The hospital enquiry, on the other hand, indicated that human factors and cognitive dissonance were at play in the scenario, with the nurse not wanting to challenge the actions or decisions of those more senior to her. The hierarchy was evident, and it appears that medical status is more likely to be assumed as clinically infallible.

Fixed mindsets and a culture of self-justification are a risk to all professions and industries.

This is especially true as we face the challenge of returning to some sense of “normality” post COVID. There are no precedents, only lessons to be learnt.

Clear communication, as with any new procedure, policy or change, is essential. People won’t be returning to the offices they were used to before the mass exodus. Temperature checks and extra cleaning may be a given, but what about your morning cup of tea? Too much risk in sharing mugs and dishwashers. Lunches stored in the fridge? No such thing. Hand dryers in the bathroom? Back to paper towels. Coffee shop open downstairs? Not just yet. Meeting rooms? Trickier than ever to navigate.

Although we’ve all coped differently, it’s safe to assume we are all eager to get some normality back into our working lives—whether that means preparing to work from home on a more long-term basis, and therefore being armed with the things needed to do this successfully, or gradually entering back into the office environment. With all that said, managing employee expectations is crucial, particularly in a time of elevated anxiety. Not only does this need to be clearly communicated, but the expectations of staff themselves need to be managed.

We will all need to be leaders and be willing to speak up if we see any risks.

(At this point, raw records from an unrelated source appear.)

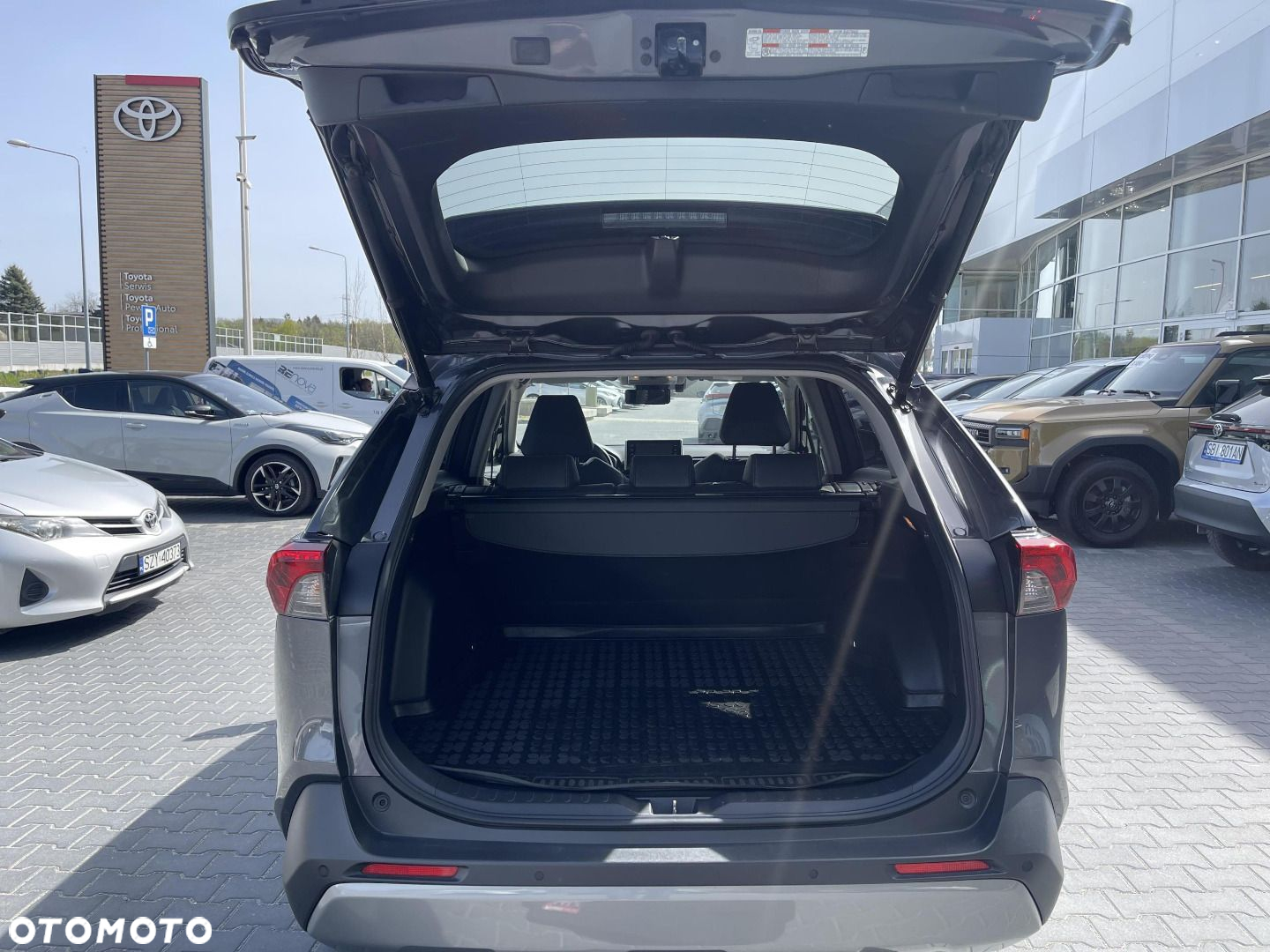 Toyota RAV4 - 12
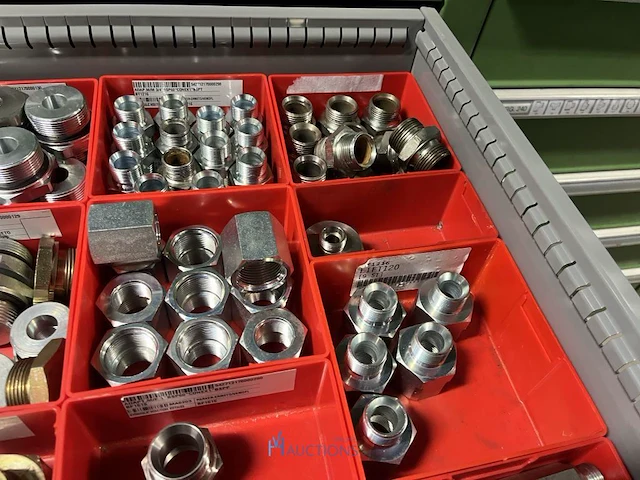 Partij hydraulische koppelingen en slangen - afbeelding 83 van  120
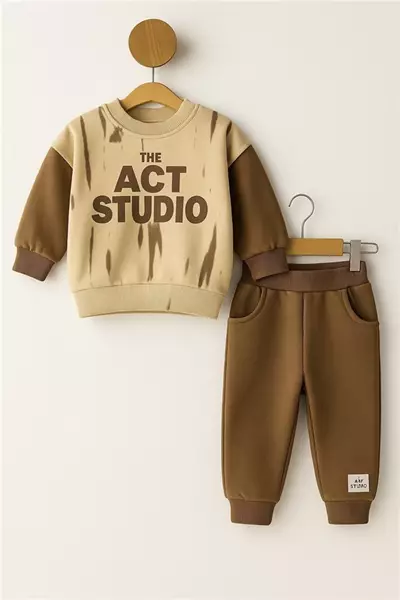 /resimler/cacheweb/urunler/pepelino-3-6-yas-kislik-3-iplik-erkek-cocuk-takim-studio-kahverengi1_165324.webp?v=638960642704772035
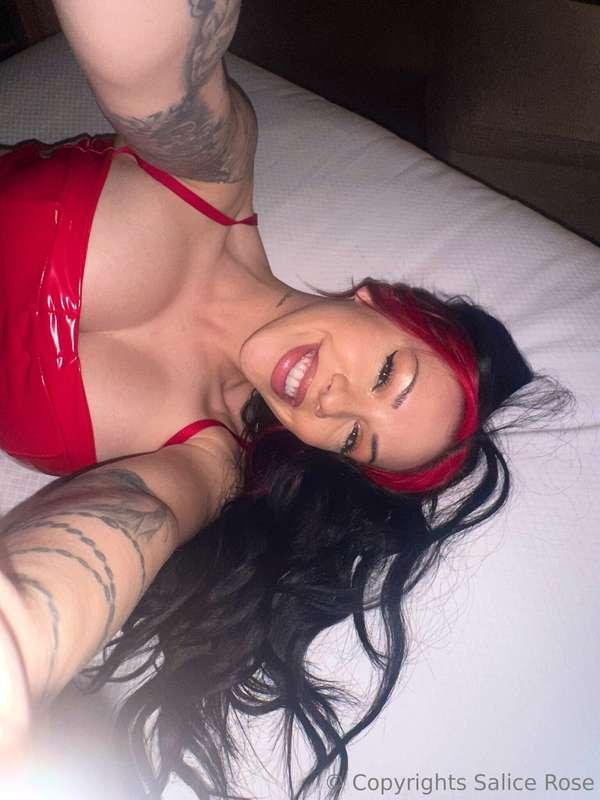Who wants to be my valentine???💘😻 CUM TELL ME IN THE DMS😛😈 T..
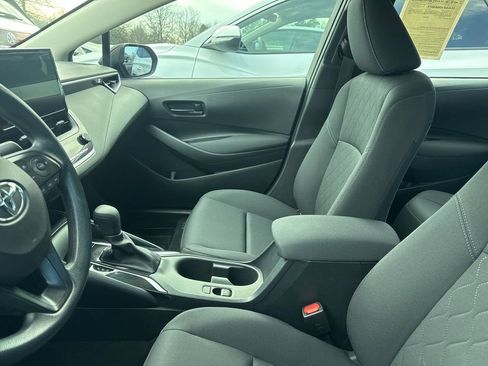 Used 2023 Toyota Corolla LE image 3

FM roles have now expanded in scope and come with added responsibility; they simply won’t be able to identify all of the issues and risks within the office environment and will require the eyes and ears of all of us, not to mention the power of technology, working collectively to ensure the office is as safe as it can be as we enter a world of new social norms. As a result, social judgement will need to be forgotten once and for all.

There will be failures and tremendous opportunities for learning and growth as we all navigate this new work environment. Speaking up, identifying risks, reflecting on mistakes, probing errors and making suggestions will all be non-negotiable. A solution-oriented, growth mindset, essentially Black Box Thinking, is required now more than ever before.